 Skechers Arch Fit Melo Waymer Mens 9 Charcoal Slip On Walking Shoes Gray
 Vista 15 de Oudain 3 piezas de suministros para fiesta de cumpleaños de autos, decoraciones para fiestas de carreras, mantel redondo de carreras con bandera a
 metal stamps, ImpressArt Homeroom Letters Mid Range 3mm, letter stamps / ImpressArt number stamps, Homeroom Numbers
--
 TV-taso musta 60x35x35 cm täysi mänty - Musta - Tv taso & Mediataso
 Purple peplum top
==
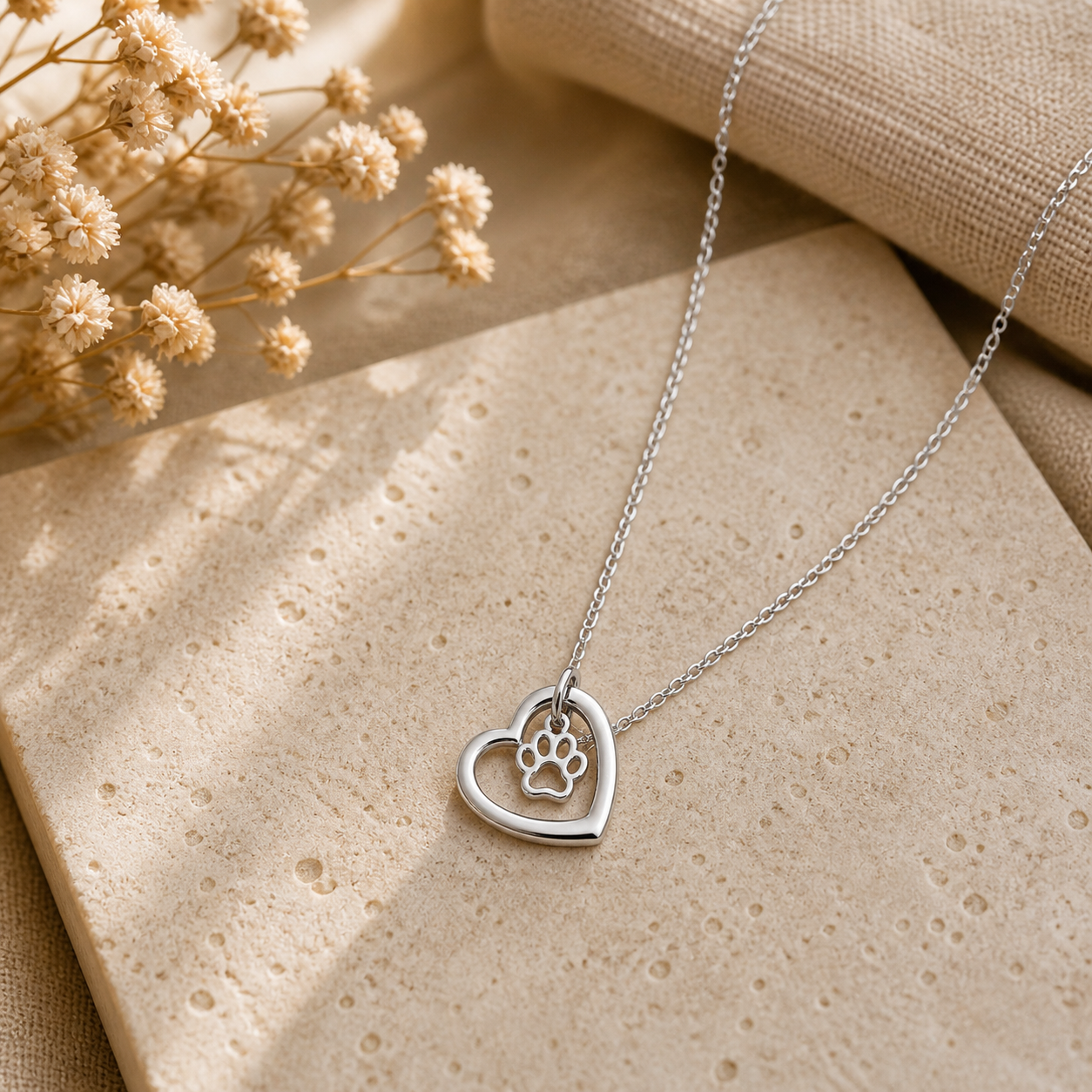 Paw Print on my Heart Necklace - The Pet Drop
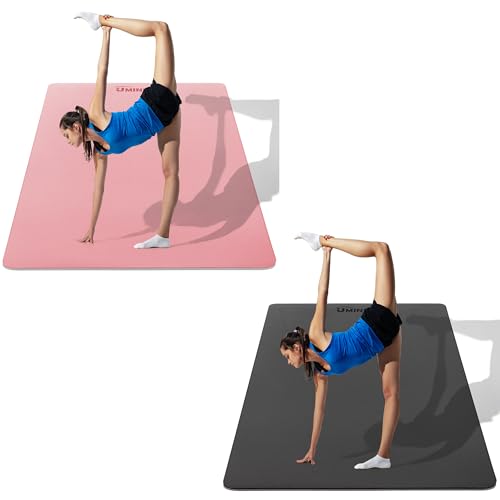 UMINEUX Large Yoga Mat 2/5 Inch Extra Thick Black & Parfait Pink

**Task item**.
Could you reproduce exactly the lines of the entries above, from the one with "Skechers Arch Fit" through the one with "metal stamps, ImpressArt", and nothing else?

**Expected output**.
 Skechers Arch Fit Melo Waymer Mens 9 Charcoal Slip On Walking Shoes Gray
 Vista 15 de Oudain 3 piezas de suministros para fiesta de cumpleaños de autos, decoraciones para fiestas de carreras, mantel redondo de carreras con bandera a
 metal stamps, ImpressArt Homeroom Letters Mid Range 3mm, letter stamps / ImpressArt number stamps, Homeroom Numbers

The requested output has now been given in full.